If instead you say, “Hmm. . . let me think about that. Let me find a way,” you will set your company on the path to skyrocketing profitability. Why? Because innovation occurs in small steps, big leaps, and everywhere in between. To double the results with half the effort is a big goal that forces big thinking, and it brings about small and big progress—all of which goes to the bottom line.
Doing more with fewer resources has had a significant impact on my businesses. I am very active in Hedgehog Leatherworks, and employing Profit First triggered degrees of innovation that I strongly suspect no one else in the leather industry has ever achieved. Removing our ability to buy the traditional expensive equipment used in the leather industry forced us to find new cheaper ways to get the same (and in many cases, better) results. It’s amazing what you can pull off when you’re scrounging Home Depot, Hobby Lobby, and random junkyards to make what you need. (A little duct tape goes a long way, pal.) We invented new systems that achieved better results than industry standards at 1/100th the cost. Because we took Profit First, we made hundreds of innovations—tweaks, hacks, brand-new systems and everything in between—all because we had to. My editor begged for details about what we discovered, but because our process is proprietary, I had to leave him hanging. Sorry, Kaushik—don’t want you leaving the book industry to start a competing leather business!
Most entrepreneurs focus only on tiny improvements—“How do I do this a couple of minutes faster?” Small questions yield only small answers. You want both the incremental improvements and the landslide discoveries, and you’ll find both of those with big questions.
Snowplowing a parking lot five minutes faster is not going to make much of an impact on your bottom line. Neither will skipping your coffee break or just “holding it” when you need to go to the bathroom.
But the more you focus on substantially improving efficiency, such as a snowplow that can move snow twice as fast, the closer you’ll get to achieving double the results with half the effort. And you’ll discover all the small steps that collectively get you closer to the big win. This gain in efficiency is amplified the more you sell. That is the power of percentages. Because you now plow every parking lot more efficiently, every new account is an opportunity for increased profit.

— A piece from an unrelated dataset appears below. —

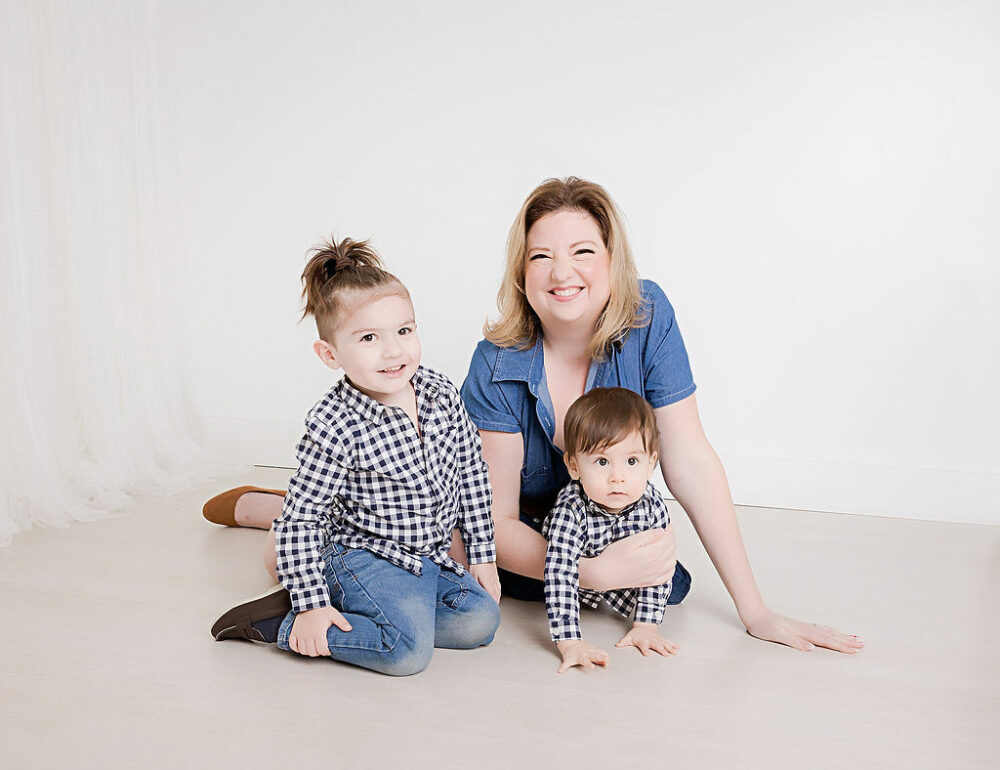 A woman sitting on the floor along with her two sons, who are wearing matching shirts and denim for his cowboy first birthday session in Cherry Hill, New Jersey.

Remember Mr. Innovator? He asked, “How can I cut costs by one third and still service the same amount of customers?” Split the truck. Split the truck. Split the truck.

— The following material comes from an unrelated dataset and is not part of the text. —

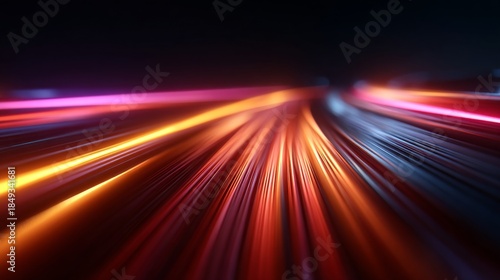 Dynamic light trails of colorful streaks in a dark background, representing speed and motion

Here’s another truck story: Did you know that United Parcel Service (UPS) trucks almost always take right turns? In 2006, UPS dared to ask the efficiency question about fuel costs. They discovered that the less time UPS drivers spent in left turn lanes, the less fuel they burned waiting at lights and to cross traffic, and the less idle time there was for each driver. UPS is now experiencing a savings of $6 million a year from the change.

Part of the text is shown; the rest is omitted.